At 10:38 AM -0700 8/19/10, James Shatto wrote:
>
>Yes the sample rate remains the same. Yes the file size probably
>remains the same. And yes the duration of the recording stays the
>same. But I find it hard to believe that a twice edited digital
>file (L/R -> M/S -> L/R) is a bit for bit exact copy of the
>original(even if you exclude the headers from the comparison). Not
>that any differences are audible to most people. Or reproduce-able
>by a lot of cheap audio equipment.
Hi James--
The file is restored _exactly_ the same (at unity settings). I'd
assume this would be the case but with earlier MS plug-ins I tried,
the files did not come out identical. Perhaps Tom Erbe's plug-in is
simpler/cleaner.
This may be good news to folks who were concerned that they lost
quality/flexibility by decoding the Mid and Side channels as the
recorded them. I use M-S processing almost routinely these days even
on non-MS recordings.
>
>Of course the sample count is the same, you're saving out to a file
>of the same sample rate, same number of channels, and same duration.

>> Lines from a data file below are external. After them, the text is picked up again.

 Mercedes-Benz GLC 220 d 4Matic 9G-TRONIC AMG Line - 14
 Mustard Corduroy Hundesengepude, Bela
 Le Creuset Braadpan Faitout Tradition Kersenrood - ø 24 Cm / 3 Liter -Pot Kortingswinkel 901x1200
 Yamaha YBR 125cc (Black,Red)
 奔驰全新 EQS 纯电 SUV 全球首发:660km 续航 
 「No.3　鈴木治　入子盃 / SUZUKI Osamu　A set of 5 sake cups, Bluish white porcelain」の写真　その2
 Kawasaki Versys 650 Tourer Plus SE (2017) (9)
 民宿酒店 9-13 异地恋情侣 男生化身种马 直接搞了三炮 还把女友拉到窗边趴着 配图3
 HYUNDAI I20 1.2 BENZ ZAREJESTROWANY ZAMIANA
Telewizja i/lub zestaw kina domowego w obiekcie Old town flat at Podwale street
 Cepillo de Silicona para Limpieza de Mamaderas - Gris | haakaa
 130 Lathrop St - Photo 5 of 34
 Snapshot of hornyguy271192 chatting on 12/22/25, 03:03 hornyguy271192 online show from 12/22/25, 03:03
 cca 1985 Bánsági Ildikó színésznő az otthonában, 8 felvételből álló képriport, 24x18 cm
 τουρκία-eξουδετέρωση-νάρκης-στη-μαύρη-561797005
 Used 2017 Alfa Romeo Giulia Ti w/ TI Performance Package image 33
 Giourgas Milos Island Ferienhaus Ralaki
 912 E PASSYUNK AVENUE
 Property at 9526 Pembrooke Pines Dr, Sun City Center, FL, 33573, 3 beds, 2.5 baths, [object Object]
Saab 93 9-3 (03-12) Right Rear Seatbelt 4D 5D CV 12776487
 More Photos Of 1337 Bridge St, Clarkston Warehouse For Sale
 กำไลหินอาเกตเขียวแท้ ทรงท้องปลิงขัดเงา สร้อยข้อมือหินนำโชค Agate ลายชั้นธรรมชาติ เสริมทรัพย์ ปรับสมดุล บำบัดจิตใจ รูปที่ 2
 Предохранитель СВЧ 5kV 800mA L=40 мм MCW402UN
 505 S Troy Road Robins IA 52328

>Independent of actual content. Why would the count of bits change?
>But is the CONTENT of the bits an EXACT match to the original after
>edits?
There are no edits, just two steps of processing that do and undoing
the "decoding."
I encourage you to do some tests to further explore what your ears
are sensing and need to make physical so others can hear it too.
Note, however-- it does take a while to learn how to make reliable
comparison tests. I have to redo them all the time. Rob D.